My “Wow’ Spiritual Moments
We have all experienced various religious moments that have enriched our lives, some better than others. There is always an element of subjectivity in any experience, no matter how objective we might think that we are. What makes some experiences more special than others? The perfect moment occurs when there is a unique combination of familiar routine elements with an unfamiliar aspect when everything clicks. This is my story about my “wow” moment? What are yours?
I was born the son of Irish American immigrants in New York City, during the first half of the twentieth century. My dominant Irish Catholic culture really revolved around New York as the center of the world. However, my first vivid religious memory was receiving my first communion at Sacred Heart Church in Carteret, New Jersey. The Mass was in Latin and the sermon was in Slovak because this Catholic Church was near where we lived.
As children, we prayed the rosary together after supper. Prayer life was simple with a prayer at meals and a private evening prayer. As I became an altar boy, I was delighted that I was able to understand and say the weekly Latin Mass Confiteor with its Latin mea culpa, mea maxima culpa. Confession was a time for reflection about my behavior. Benediction was a big deal with its Tantum ergo. High School led to various retreats with the concept of mediation added to my prayer life. Reading and thinking about religion became important.
As a collegiate, I lived and studied in Milwaukee and Chicago. I began to realize that I had a very narrow Irish American East Coast New Jersey point of view. Post graduate studies in Ireland, Belgium, and Germany led me to question the cultural concept of this universal Latin Church. There was unity but there certainly was plenty of diversity.
For a while, meditation became an obsession in my personal religious and spiritual life. I would sometimes forget my surroundings completely in a centering mediation. My studies in theology, philosophy, and history opened up a way of thinking about reality and this diverse world. Living with people from Ireland, England, Scotland, Canada, Belgium, Italy, Brazil, and Germany made me aware of my own particular American way of looking at Catholicism.
My favorite spiritual moments include singing the Salve Regina at a Marian shrine with that haunting Salve. Seeing my first concelebrated Mass made me realize that this is not a private religious exercise. Hearing a guitar singer belt out Here Comes the Sun made me realize that contemporary music was just as important as the wonderful Agnus Dei. Being present at a Mass where all the participants were choral directors, all singing, was unique. Listening to a celebrant chant the complete Eucharistic liturgy was interesting. Being the only light-skinned Celtic at an all-black Baptist service made me understand what a minority is. Seeing and hearing monks chant the Liturgy of the Hours does not happen every day, but it does for them.

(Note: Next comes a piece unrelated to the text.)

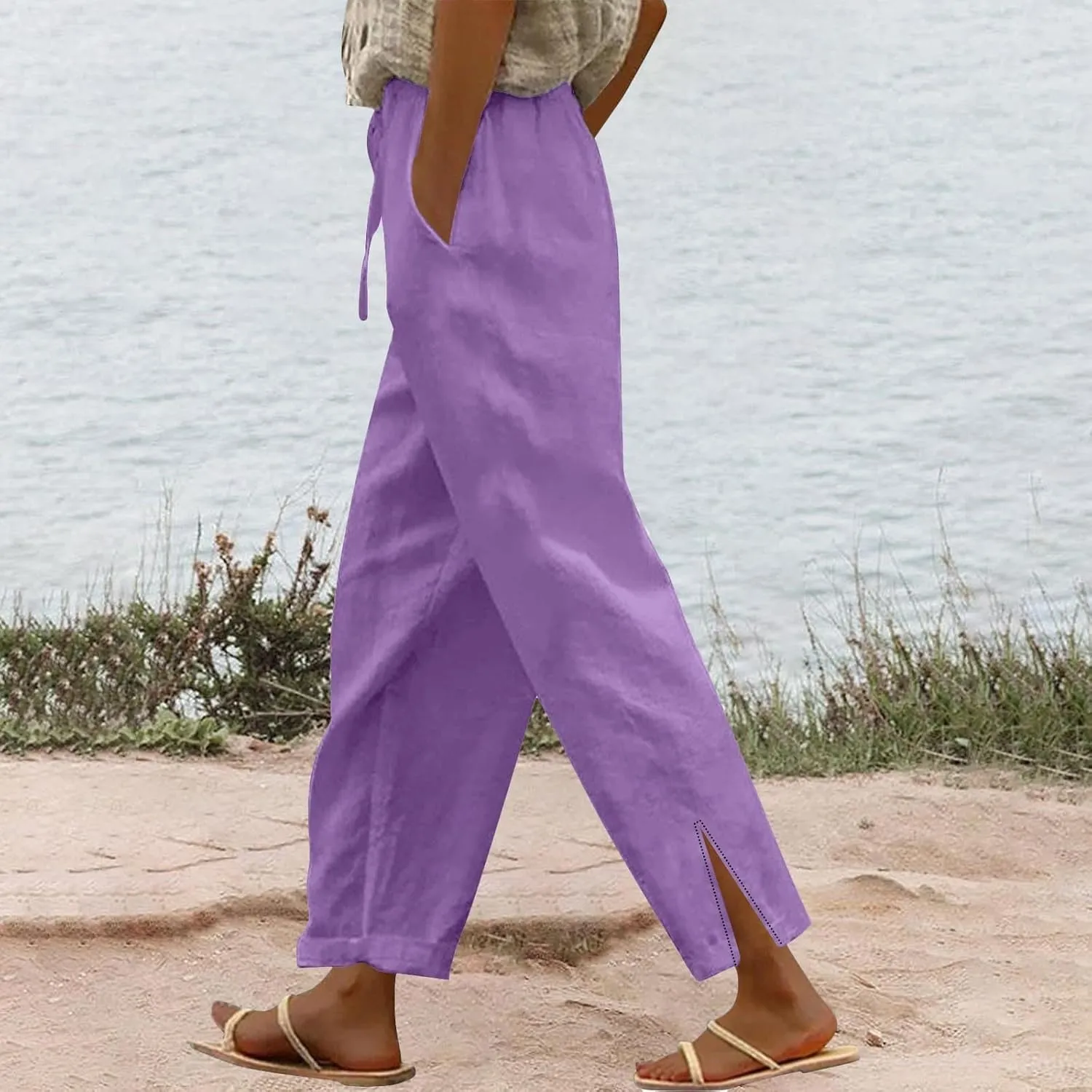 Womens Linen Pants 2025 Summer Elastic High Waist Split Hem Work Pants Casual Loose Drawstring Beach Trousers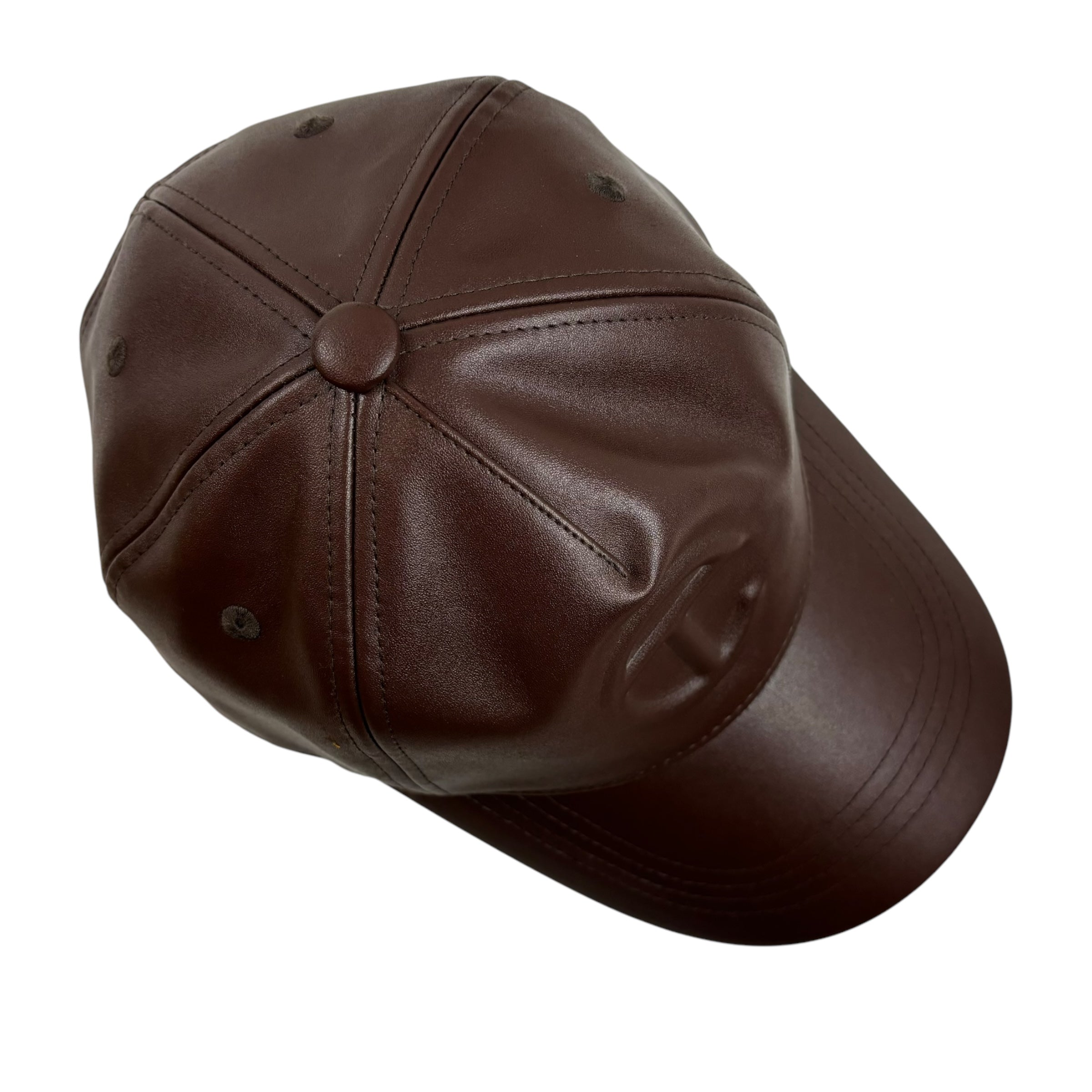 Telfar Logo Embossed Strap Back Hat Chocolate Brown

As they lowered my thirty-one year old brother Johnny into his grave, listening to the bugle sound Taps made me break down. Being at an early morning quiet Sunday Mass, the day after my daughter was born, opened up a world of unlimited possibilities. Receiving the Communion cup from the extraordinary minister many years later, my daughter, was also a “wow” moment. Watching a neighbor on one occasion, and my son-in-law on another occasion, get confirmed at the Easter Vigil service brought a tear to my eye.
All of us have had our own little “wow” moments. How do we create them for others? There needs to be a structure or a routine familiarity with that little added difference. You are never sure when it will happen, but you have to be open to the possibility of it happening. We have to be actively involved in our faith experiences. I was blessed to journey from a Slovak language parish to contemporary liturgies. I was privileged to study history, philosophy, and theology in various venues. I was honored to share some of my knowledge in different teachings positions.